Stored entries
= = = = =

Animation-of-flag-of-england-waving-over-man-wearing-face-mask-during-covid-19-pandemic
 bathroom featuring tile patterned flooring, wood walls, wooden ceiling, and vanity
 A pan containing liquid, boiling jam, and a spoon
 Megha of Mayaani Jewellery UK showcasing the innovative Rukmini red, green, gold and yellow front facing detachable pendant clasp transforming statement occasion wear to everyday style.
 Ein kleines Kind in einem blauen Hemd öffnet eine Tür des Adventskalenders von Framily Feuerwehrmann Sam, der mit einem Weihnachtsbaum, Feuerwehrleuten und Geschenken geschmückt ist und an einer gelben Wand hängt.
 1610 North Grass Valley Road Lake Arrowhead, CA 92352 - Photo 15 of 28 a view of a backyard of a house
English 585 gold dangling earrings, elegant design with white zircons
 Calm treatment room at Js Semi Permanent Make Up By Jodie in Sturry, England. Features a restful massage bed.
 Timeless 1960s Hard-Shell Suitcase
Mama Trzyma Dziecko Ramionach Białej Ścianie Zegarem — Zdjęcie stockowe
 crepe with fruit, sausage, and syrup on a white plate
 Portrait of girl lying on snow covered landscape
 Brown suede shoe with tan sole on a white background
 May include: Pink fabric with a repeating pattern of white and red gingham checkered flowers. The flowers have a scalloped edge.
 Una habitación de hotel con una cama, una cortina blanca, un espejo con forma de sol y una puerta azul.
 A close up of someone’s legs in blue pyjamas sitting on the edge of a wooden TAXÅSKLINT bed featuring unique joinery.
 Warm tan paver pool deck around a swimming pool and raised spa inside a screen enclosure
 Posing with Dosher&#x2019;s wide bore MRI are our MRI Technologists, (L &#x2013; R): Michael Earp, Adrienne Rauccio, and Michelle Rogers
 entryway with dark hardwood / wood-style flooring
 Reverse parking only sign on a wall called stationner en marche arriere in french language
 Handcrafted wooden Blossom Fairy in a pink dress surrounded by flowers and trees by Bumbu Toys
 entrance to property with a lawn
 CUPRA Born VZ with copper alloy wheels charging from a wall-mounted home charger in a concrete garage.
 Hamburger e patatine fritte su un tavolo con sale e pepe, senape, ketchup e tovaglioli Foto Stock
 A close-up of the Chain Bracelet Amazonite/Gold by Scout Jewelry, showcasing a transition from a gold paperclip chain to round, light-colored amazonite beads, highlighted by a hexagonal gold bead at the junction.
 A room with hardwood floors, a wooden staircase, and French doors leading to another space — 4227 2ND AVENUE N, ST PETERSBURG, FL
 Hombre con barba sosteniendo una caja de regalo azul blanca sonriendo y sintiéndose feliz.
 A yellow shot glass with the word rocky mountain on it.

= = = = =

About this task: The entries above are to be transcribed in full and without error.

Your solution:
Animation-of-flag-of-england-waving-over-man-wearing-face-mask-during-covid-19-pandemic
 bathroom featuring tile patterned flooring, wood walls, wooden ceiling, and vanity
 A pan containing liquid, boiling jam, and a spoon
 Megha of Mayaani Jewellery UK showcasing the innovative Rukmini red, green, gold and yellow front facing detachable pendant clasp transforming statement occasion wear to everyday style.
 Ein kleines Kind in einem blauen Hemd öffnet eine Tür des Adventskalenders von Framily Feuerwehrmann Sam, der mit einem Weihnachtsbaum, Feuerwehrleuten und Geschenken geschmückt ist und an einer gelben Wand hängt.
 1610 North Grass Valley Road Lake Arrowhead, CA 92352 - Photo 15 of 28 a view of a backyard of a house
English 585 gold dangling earrings, elegant design with white zircons
 Calm treatment room at Js Semi Permanent Make Up By Jodie in Sturry, England. Features a restful massage bed.
 Timeless 1960s Hard-Shell Suitcase
Mama Trzyma Dziecko Ramionach Białej Ścianie Zegarem — Zdjęcie stockowe
 crepe with fruit, sausage, and syrup on a white plate
 Portrait of girl lying on snow covered landscape
 Brown suede shoe with tan sole on a white background
 May include: Pink fabric with a repeating pattern of white and red gingham checkered flowers. The flowers have a scalloped edge.
 Una habitación de hotel con una cama, una cortina blanca, un espejo con forma de sol y una puerta azul.
 A close up of someone’s legs in blue pyjamas sitting on the edge of a wooden TAXÅSKLINT bed featuring unique joinery.
 Warm tan paver pool deck around a swimming pool and raised spa inside a screen enclosure
 Posing with Dosher&#x2019;s wide bore MRI are our MRI Technologists, (L &#x2013; R): Michael Earp, Adrienne Rauccio, and Michelle Rogers
 entryway with dark hardwood / wood-style flooring
 Reverse parking only sign on a wall called stationner en marche arriere in french language
 Handcrafted wooden Blossom Fairy in a pink dress surrounded by flowers and trees by Bumbu Toys
 entrance to property with a lawn
 CUPRA Born VZ with copper alloy wheels charging from a wall-mounted home charger in a concrete garage.
 Hamburger e patatine fritte su un tavolo con sale e pepe, senape, ketchup e tovaglioli Foto Stock
 A close-up of the Chain Bracelet Amazonite/Gold by Scout Jewelry, showcasing a transition from a gold paperclip chain to round, light-colored amazonite beads, highlighted by a hexagonal gold bead at the junction.
 A room with hardwood floors, a wooden staircase, and French doors leading to another space — 4227 2ND AVENUE N, ST PETERSBURG, FL
 Hombre con barba sosteniendo una caja de regalo azul blanca sonriendo y sintiéndose feliz.
 A yellow shot glass with the word rocky mountain on it.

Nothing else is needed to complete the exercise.